* **What to produce**:
Copy exactly the lines of the data below, beginning with the line with "Светильник STLuce ST755.438.12" and ending with the line with "Moschino Toy Boy". Pictures are to be omitted.
*** Supplied data ***
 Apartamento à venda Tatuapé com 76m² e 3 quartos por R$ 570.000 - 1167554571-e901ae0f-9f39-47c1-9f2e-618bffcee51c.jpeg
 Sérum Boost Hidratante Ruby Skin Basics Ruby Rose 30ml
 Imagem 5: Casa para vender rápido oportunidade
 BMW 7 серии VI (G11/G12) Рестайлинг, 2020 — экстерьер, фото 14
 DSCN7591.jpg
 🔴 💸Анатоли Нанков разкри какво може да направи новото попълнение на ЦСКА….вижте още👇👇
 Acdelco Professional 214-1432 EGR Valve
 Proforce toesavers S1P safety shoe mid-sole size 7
*** End of Supplied data ***
*** Supplied data ***
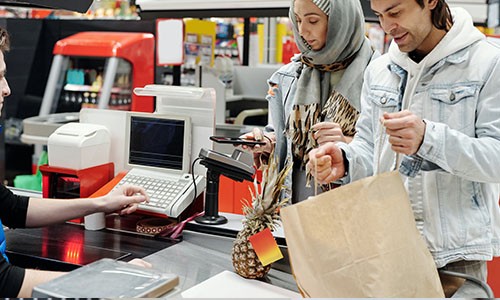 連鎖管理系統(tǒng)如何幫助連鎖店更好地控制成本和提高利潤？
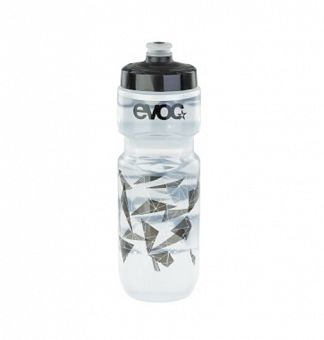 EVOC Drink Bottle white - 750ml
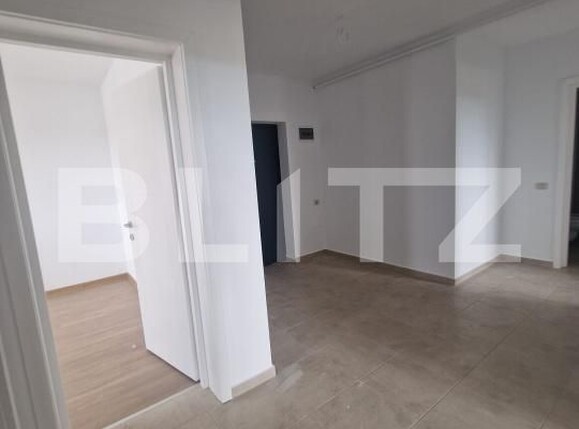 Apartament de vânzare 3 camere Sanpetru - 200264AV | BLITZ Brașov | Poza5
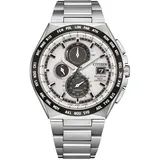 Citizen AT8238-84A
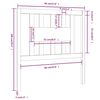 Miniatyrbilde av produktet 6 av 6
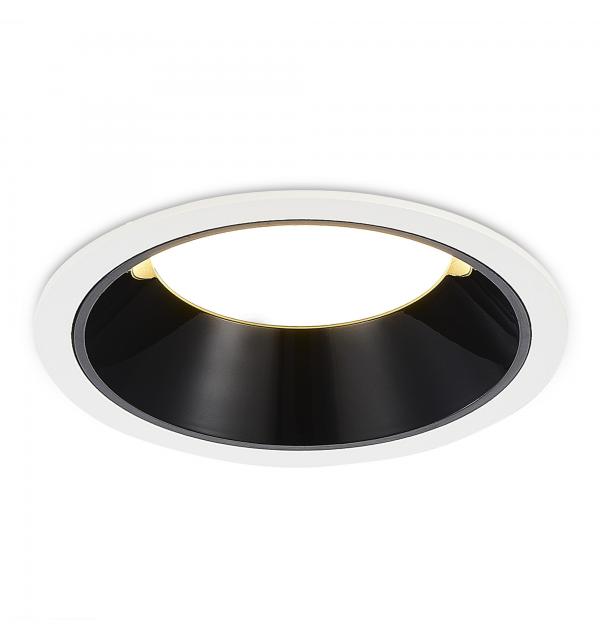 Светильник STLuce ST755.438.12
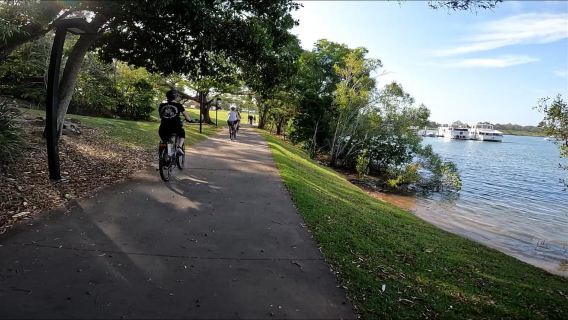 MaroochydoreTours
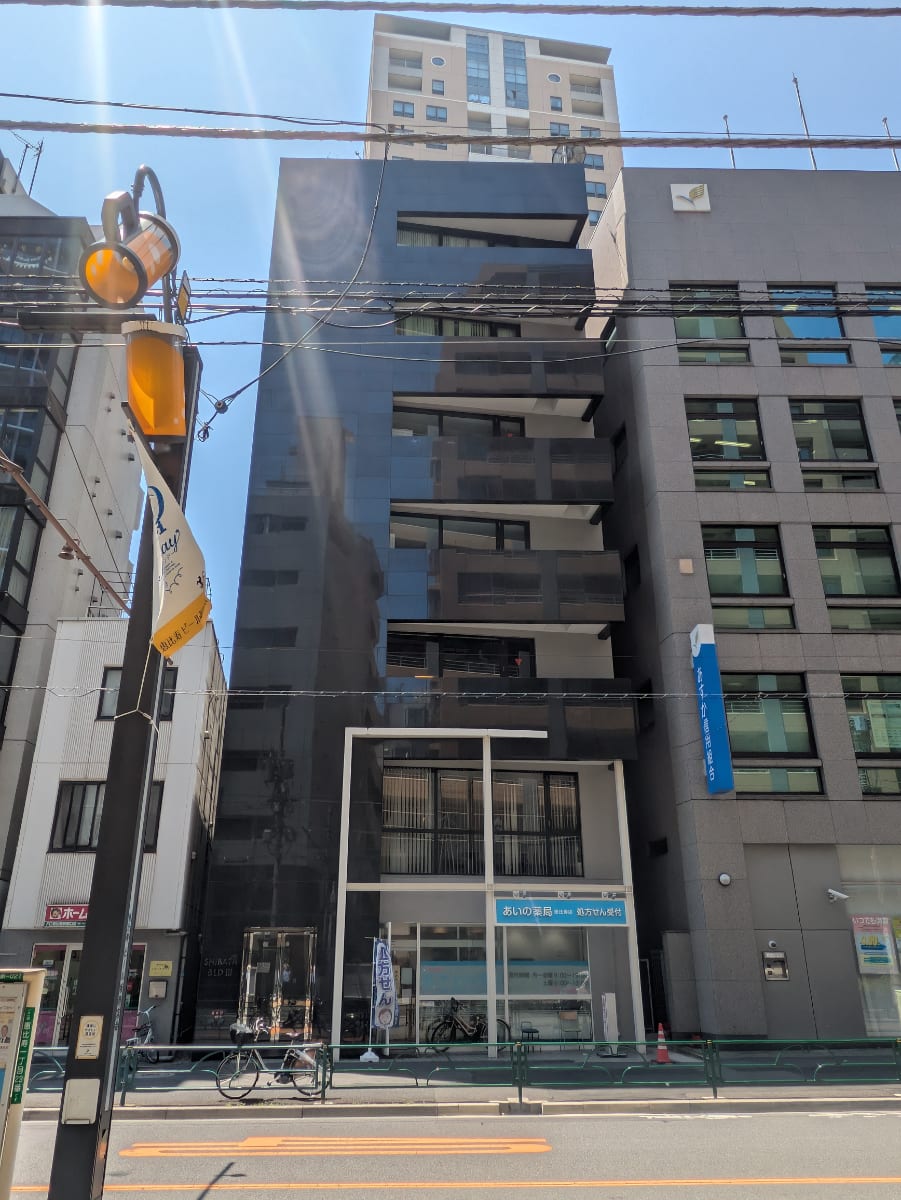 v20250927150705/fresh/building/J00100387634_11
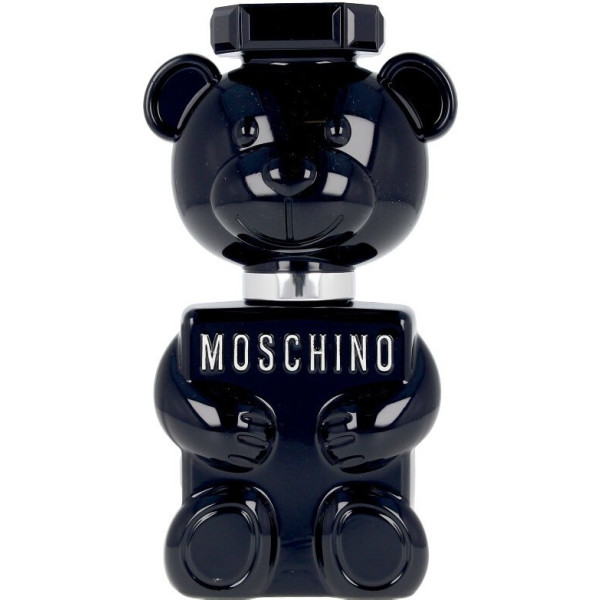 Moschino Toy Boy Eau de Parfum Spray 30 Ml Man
*** End of Supplied data ***
* **Task output**:
 Светильник STLuce ST755.438.12
 MaroochydoreTours
 v20250927150705/fresh/building/J00100387634_11
 Moschino Toy Boy Eau de Parfum Spray 30 Ml Man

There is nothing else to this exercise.